[[ Input open ]]

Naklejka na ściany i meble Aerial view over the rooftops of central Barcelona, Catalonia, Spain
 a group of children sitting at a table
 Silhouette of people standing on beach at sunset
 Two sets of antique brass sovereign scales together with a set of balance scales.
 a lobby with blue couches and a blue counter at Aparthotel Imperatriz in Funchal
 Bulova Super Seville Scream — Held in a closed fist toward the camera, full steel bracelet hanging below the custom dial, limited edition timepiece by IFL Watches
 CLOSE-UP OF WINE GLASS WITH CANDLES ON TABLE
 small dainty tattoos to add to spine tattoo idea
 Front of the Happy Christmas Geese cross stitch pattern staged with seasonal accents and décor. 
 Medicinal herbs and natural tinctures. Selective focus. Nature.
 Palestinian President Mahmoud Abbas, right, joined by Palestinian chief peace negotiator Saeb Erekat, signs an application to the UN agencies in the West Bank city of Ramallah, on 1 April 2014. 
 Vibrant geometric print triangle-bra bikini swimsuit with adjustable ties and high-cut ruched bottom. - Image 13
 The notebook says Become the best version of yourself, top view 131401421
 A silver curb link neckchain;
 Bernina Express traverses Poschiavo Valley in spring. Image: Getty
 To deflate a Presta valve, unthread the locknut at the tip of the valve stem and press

[[ Input closed ]]

Task prompt | In the entries above, find each line with the string "Image" and copy it.

Response below |
 Vibrant geometric print triangle-bra bikini swimsuit with adjustable ties and high-cut ruched bottom. - Image 13
 Bernina Express traverses Poschiavo Valley in spring. Image: Getty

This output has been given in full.